Fungiform taste buds are innervated by P2X2⁺ and PGP9.5⁺ nerve fibers, whereas ectopic taste buds form in lingual epithelium innervated only by PGP9.5⁺ fibers. (A) A fungiform taste bud is innervated by P2X2⁺ taste fibers, whereas ectopic taste buds (B) lack P2X2⁺ fibers (P2X2⁺, cyan; K8⁺, red; SHH-YFPcKI⁺, green). (C) Diagram of intragemmal versus perigemmal innervation of an endogenous fungiform taste bud. The taste bud (dark pink) is innervated by P2X2⁺ and PGP9.5⁺ intragemmal fibers (black); the papilla epithelium (light pink) is innervated by PGP9.5⁺ perigemmal fibers only (blue). (D) PGP9.5⁺ neurites innervate endogenous taste buds (PGP9.5⁺, cyan; K8⁺, red). (E,F) PGP9.5⁺ neurites are found near an ectopic taste bud with SHH-YFPcKI⁺ expression (arrow in E), while another ectopic bud lies in SHH-YFPcKI⁺ epithelium remote from sparse PGP9.5⁺ fibers (F, arrowheads) (PGP9.5⁺, cyan; K8⁺, red; SHH-YFPcKI⁺, green). White dashed lines delimit the basement membrane; white solid lines delimit the epithelial surface. All images are confocal z-stacks. Scale bars: 10 μm.

Fig. 6.

Ectopic taste buds are independent of intragemmal innervation. Significantly fewer PGP9.5⁺ neurites are found in ectopic taste buds (gray symbols) than in endogenous taste buds (black symbols) at all time points examined.
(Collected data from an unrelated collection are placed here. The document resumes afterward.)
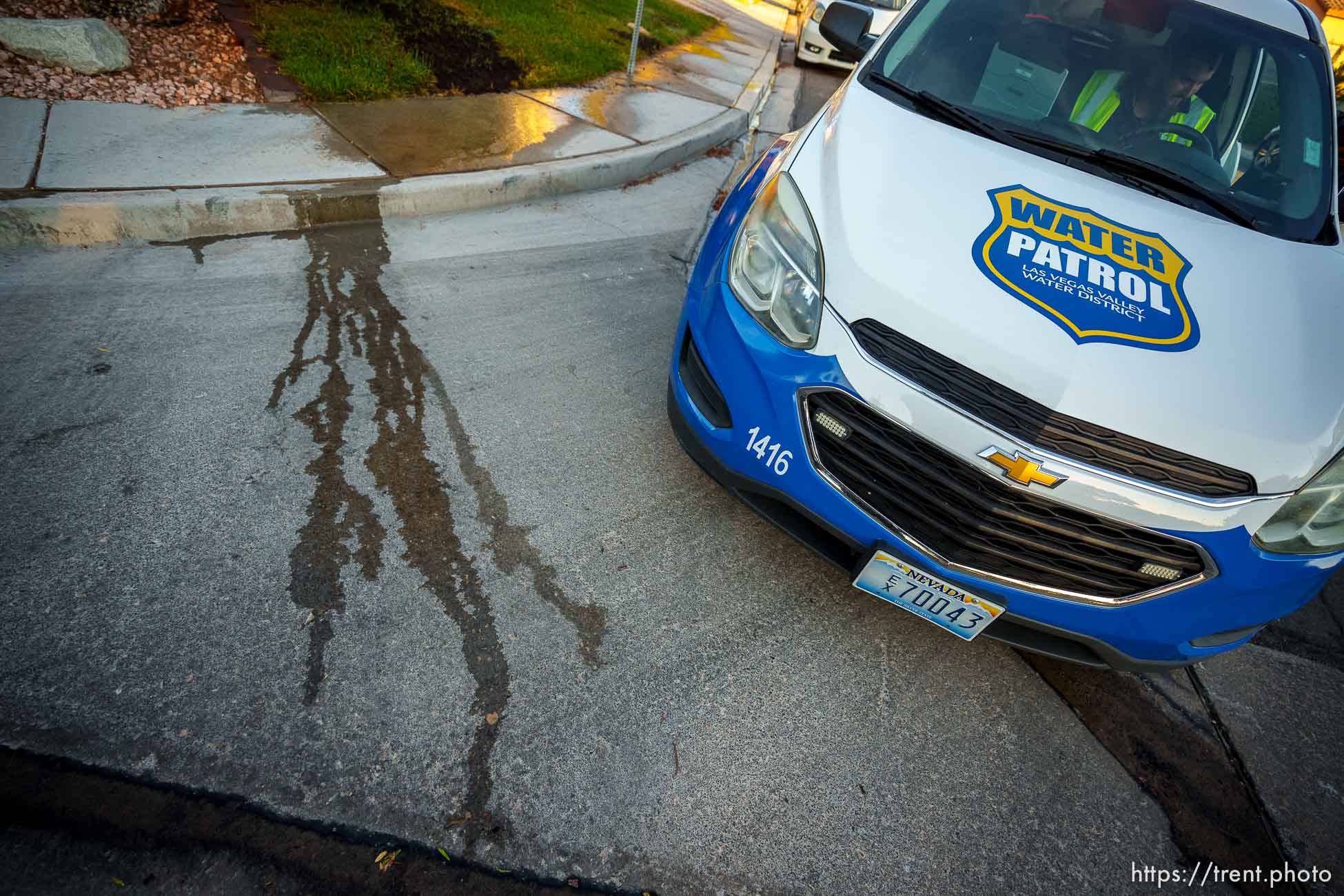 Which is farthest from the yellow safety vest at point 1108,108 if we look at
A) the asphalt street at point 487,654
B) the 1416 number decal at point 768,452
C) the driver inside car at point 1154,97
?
the asphalt street at point 487,654

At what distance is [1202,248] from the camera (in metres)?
2.22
Two-tailed Mann–Whitney U-test: (A) 7 days, U=5.0; (B) 14 days, U=43.0; (C) 21 days, U=54.0; (D) 28 days, U=139.0; 22-45 ectopic and 23-30 endogenous taste buds per time point, randomly selected from all taste buds in three mice per time point; ****P<0.0001. (E) At 14 days post-tamoxifen, endogenous taste bud size and PGP9.5⁺ innervation are strongly correlated (black; 30 endogenous taste buds from three mice), whereas ectopic taste bud size and PGP9.5⁺ innervation are not (gray; 45 ectopic taste buds from three mice).